Start of Data extract

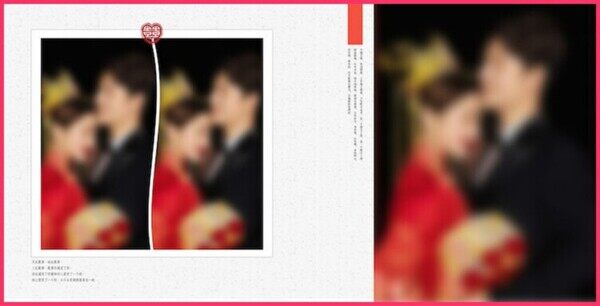 蓋世英雄婚紗照黑白兩色三宮格相冊排版
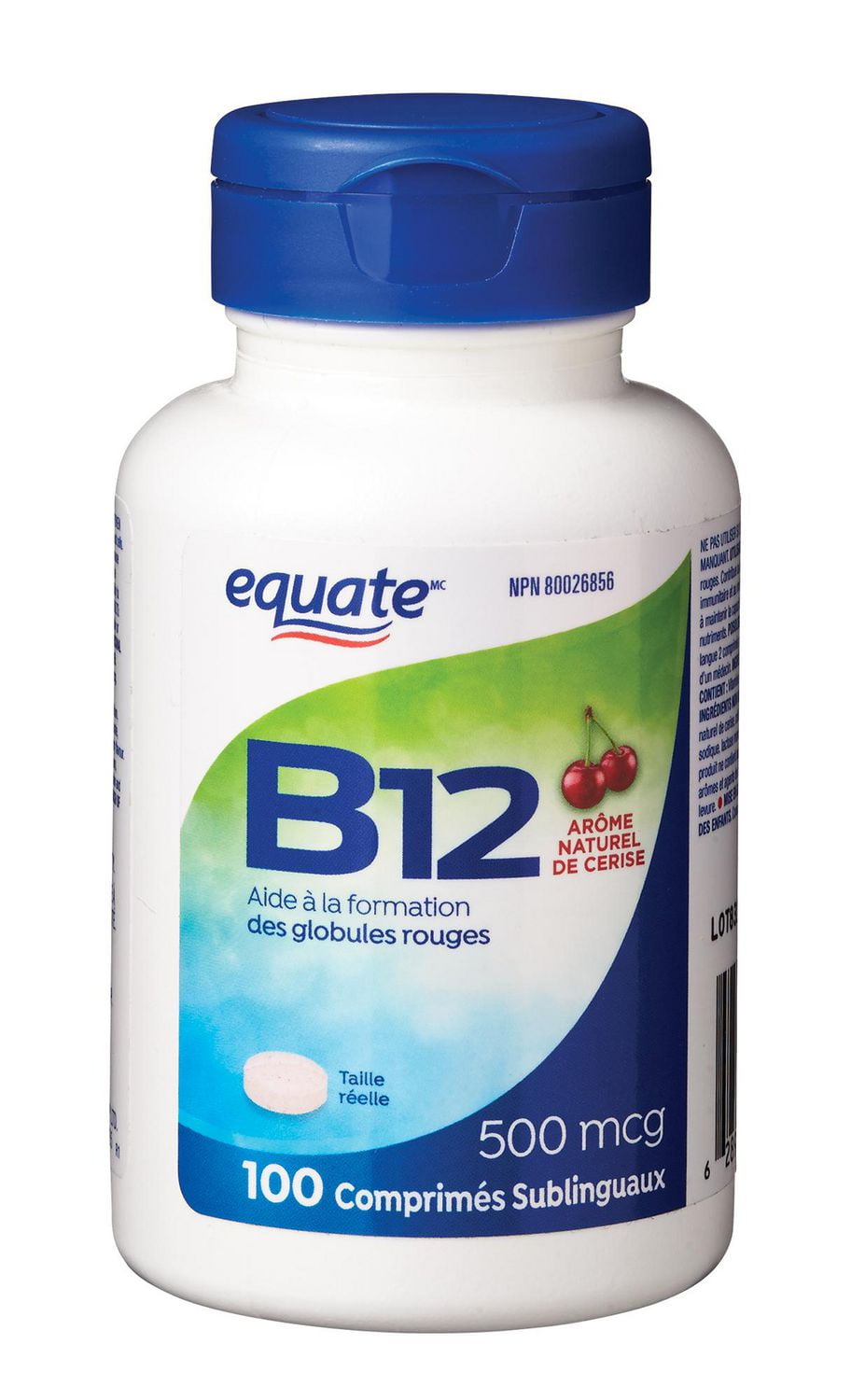 Equate Vitamine B12 arome naturel de cerise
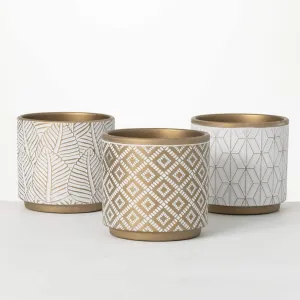 Modern Motif Gold Pot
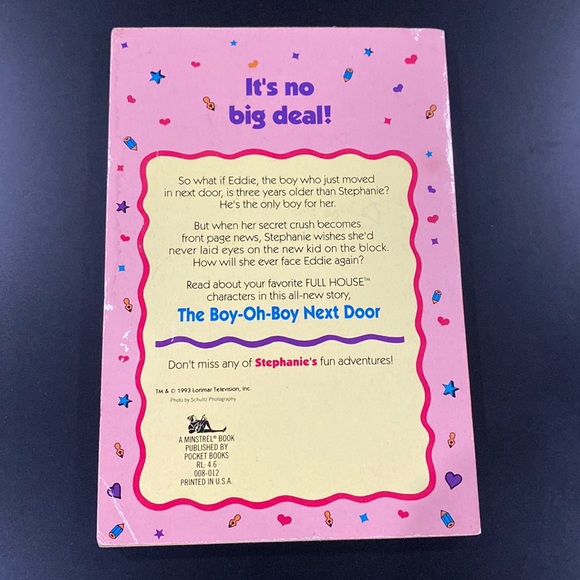 Full House Stephanie #2: The Boy-Oh-Boy Next Door by Rita Miami - Picture 2 of 8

End of Data extract

# What to work on
Please print exactly the lines running from the line with "Modern Motif Gold Pot" through the final line of the material, and nothing more. Keep pictures out.

# Task solution
 Modern Motif Gold Pot
 Full House Stephanie #2: The Boy-Oh-Boy Next Door by Rita Miami - Picture 2 of 8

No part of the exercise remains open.